In Italy, the relationship is complex.
- On the one hand, Italians revere women. Superficially, they woo them with flowers and appreciate their physical beauty. This is one country in which B’s joke about not buying me flowers because we’re already married tends to fall flat.
- And Italian women are not ones to roll over. In many households, the matriarch is the iron fist, and woe betide anyone who disobeys.
- Women are expected to hold their own in a lot of ways. For example, if a man greeted a woman on the streets of Maiori who was carrying many groceries or a large container, he wouldn’t take it from her – even for the course of their chat. And I saw women toiling away on the lemon terraces, not buttressed from work by any notions of delicacy.
- However, there are still many men (mostly in the south) who don’t look at me when they address both me and B. I will have been the one to purchase their services (on AirBnB, for example), but all discussion is with B. I mean that literally, there is no eye contact with me!
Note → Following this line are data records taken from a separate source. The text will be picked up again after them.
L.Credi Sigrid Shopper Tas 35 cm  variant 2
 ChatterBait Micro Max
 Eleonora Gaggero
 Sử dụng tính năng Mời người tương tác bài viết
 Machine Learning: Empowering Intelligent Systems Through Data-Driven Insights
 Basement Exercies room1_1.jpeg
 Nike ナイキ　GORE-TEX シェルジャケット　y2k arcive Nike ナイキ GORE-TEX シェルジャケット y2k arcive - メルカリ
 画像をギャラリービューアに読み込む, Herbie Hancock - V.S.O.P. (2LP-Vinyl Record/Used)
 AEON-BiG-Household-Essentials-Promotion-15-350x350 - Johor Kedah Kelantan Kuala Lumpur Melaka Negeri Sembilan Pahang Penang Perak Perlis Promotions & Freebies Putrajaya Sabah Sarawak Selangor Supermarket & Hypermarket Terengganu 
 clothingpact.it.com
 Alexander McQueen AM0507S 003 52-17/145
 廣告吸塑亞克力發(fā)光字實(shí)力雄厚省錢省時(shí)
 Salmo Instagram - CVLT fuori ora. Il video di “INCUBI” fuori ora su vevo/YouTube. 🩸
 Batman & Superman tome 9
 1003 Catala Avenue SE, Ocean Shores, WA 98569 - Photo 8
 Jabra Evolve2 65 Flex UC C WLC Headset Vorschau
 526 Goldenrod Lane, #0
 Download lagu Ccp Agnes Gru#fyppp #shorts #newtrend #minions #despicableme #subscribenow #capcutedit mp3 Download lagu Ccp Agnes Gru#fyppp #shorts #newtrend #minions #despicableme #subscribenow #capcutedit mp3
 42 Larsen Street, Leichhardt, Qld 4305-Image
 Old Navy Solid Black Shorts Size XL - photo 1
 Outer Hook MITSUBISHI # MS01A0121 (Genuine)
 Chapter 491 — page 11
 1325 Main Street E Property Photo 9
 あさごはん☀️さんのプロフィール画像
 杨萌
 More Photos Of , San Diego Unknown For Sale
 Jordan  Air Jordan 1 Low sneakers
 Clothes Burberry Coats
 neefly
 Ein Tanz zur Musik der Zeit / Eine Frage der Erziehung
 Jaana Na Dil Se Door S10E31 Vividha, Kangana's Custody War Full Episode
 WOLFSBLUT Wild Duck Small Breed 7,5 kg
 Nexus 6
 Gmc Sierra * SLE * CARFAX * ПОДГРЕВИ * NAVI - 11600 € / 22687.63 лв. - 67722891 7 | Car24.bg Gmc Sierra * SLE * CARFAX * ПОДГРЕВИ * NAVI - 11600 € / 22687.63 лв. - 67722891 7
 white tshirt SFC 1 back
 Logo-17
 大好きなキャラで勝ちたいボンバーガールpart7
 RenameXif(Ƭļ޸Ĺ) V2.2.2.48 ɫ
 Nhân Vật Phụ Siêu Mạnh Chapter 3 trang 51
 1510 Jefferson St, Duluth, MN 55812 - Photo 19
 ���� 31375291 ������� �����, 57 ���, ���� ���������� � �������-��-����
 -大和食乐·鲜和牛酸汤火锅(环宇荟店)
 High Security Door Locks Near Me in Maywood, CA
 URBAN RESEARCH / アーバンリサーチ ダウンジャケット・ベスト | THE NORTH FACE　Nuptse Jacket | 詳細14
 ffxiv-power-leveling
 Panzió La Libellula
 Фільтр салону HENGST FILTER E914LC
This can be especially silly when B knows nothing about what this man and I agreed to via e-mail, and yet he still addresses him. I might write this off to comfort levels: there are certainly people everywhere who are more natural with those of their own gender. However, this is unlikely, given some of these people’s jobs (journalist, inn owner), which require them to interact regularly with both genders. Moreover, I am nowhere near the only one to experience this kind of female invisibility, as evidenced by this charming story. TL:DR; a vendor ignores a woman, who speaks his dialect and is actually talking to him, in favor of a silent man who doesn’t understand his language at all. He also writes her off as a princess, a particularly virulent form of name-calling that makes me want to dress the speaker in an old-fashioned puffy-sleeved tunic and tights for revenge.
In some ways, their behavior feels to me like cutting off your nose to spite your face. Based on past interactions, they have every reason to believe that I will be the one to review their services, not B. For some, this rental (and its reviews) makes up part of their livelihood, especially in this country of such economic difficulties. It is not a minority of couples who divide up responsibilities such that the woman does more of the planning or booking, so we should not be much of an anomaly.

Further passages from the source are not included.